[GIVEN DATA]:
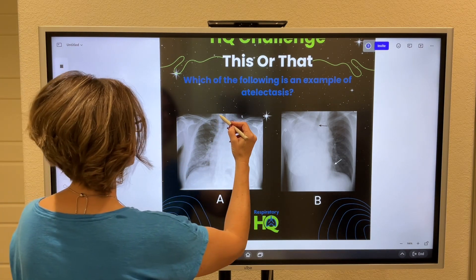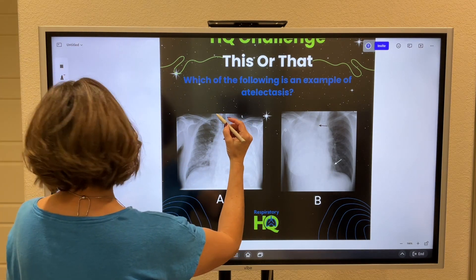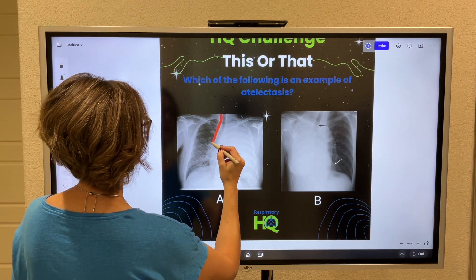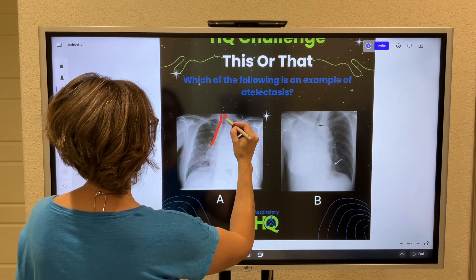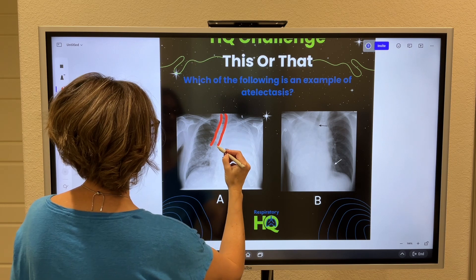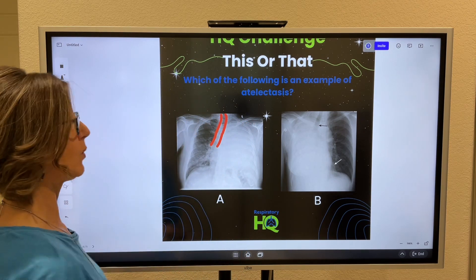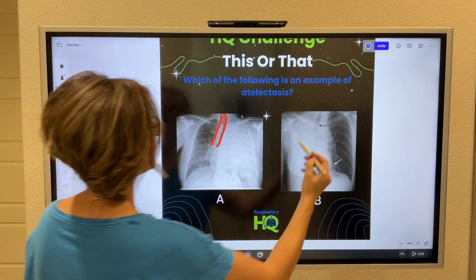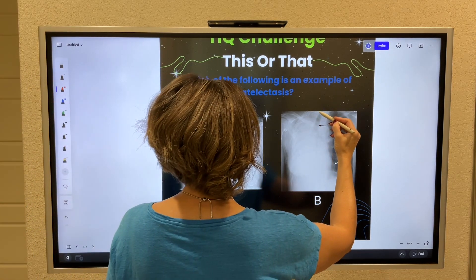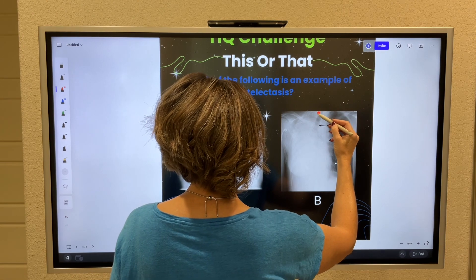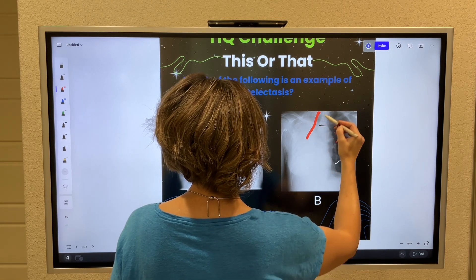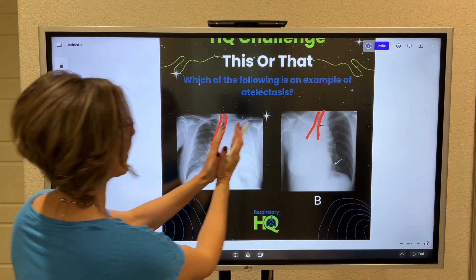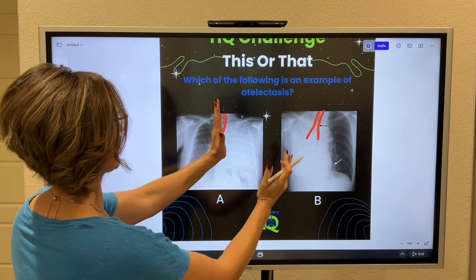If you look at this one, I'm just going to draw the trachea for you — outline the trachea. There's the trachea, and it's shifted away from midline. And in this one, you also see that tracheal shift away from midline.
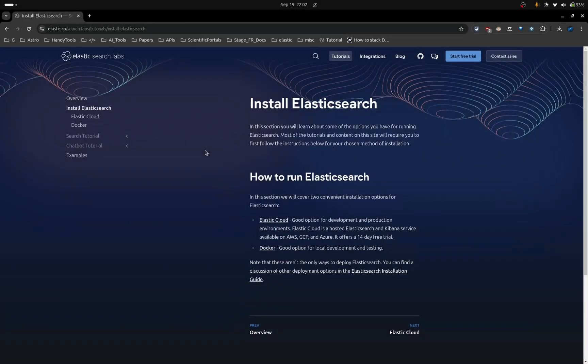Hello everyone. In this video, I will show you how to run Elasticsearch locally and how to install all the libraries that you will need in order to interact with Elasticsearch.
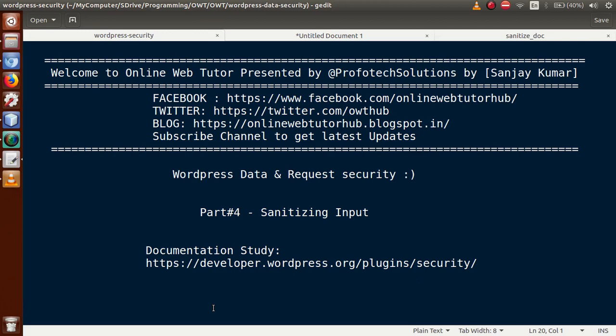Hello guys, welcome to Online Web Tutor presented by Prophetic Solutions team. I am Sanjay. We are learning WordPress data and request security, and this is Part 4. In this video session we will discuss about sanitizing input. For documentation purposes, you can follow the provided link. If you are a beginner to this channel, please don't forget to subscribe.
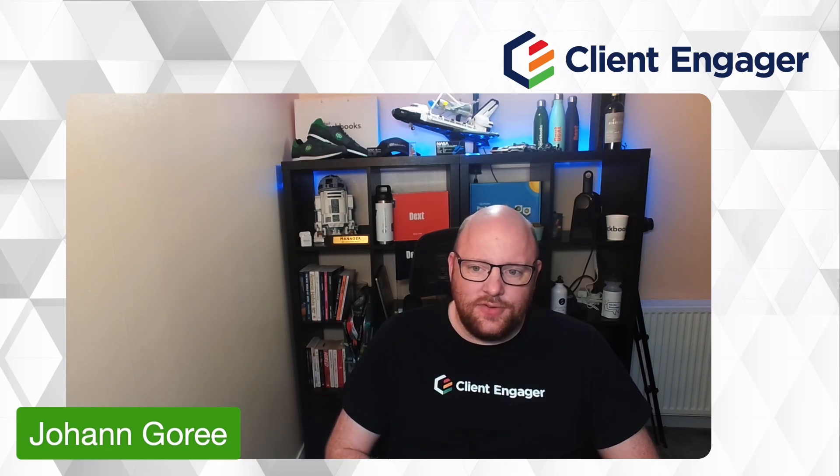Hello and welcome to this video from Client Engager. In this video today, I am going to take you through a sneak peek of a huge upgrade that's about to come into our deadlines page in Client Engager. So let's roll the credits and have a look at what's about to happen.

[TASK PROMPT]: Retype each line above exactly and leave out any picture.

[WRITTEN REPLY]:
If you look at this one, I'm just going to draw the trachea for you — outline the trachea. There's the trachea, and it's shifted away from midline. And in this one, you also see that tracheal shift away from midline.
Hello everyone. In this video, I will show you how to run Elasticsearch locally and how to install all the libraries that you will need in order to interact with Elasticsearch.
Hello guys, welcome to Online Web Tutor presented by Prophetic Solutions team. I am Sanjay. We are learning WordPress data and request security, and this is Part 4. In this video session we will discuss about sanitizing input. For documentation purposes, you can follow the provided link. If you are a beginner to this channel, please don't forget to subscribe.
Hello and welcome to this video from Client Engager. In this video today, I am going to take you through a sneak peek of a huge upgrade that's about to come into our deadlines page in Client Engager. So let's roll the credits and have a look at what's about to happen.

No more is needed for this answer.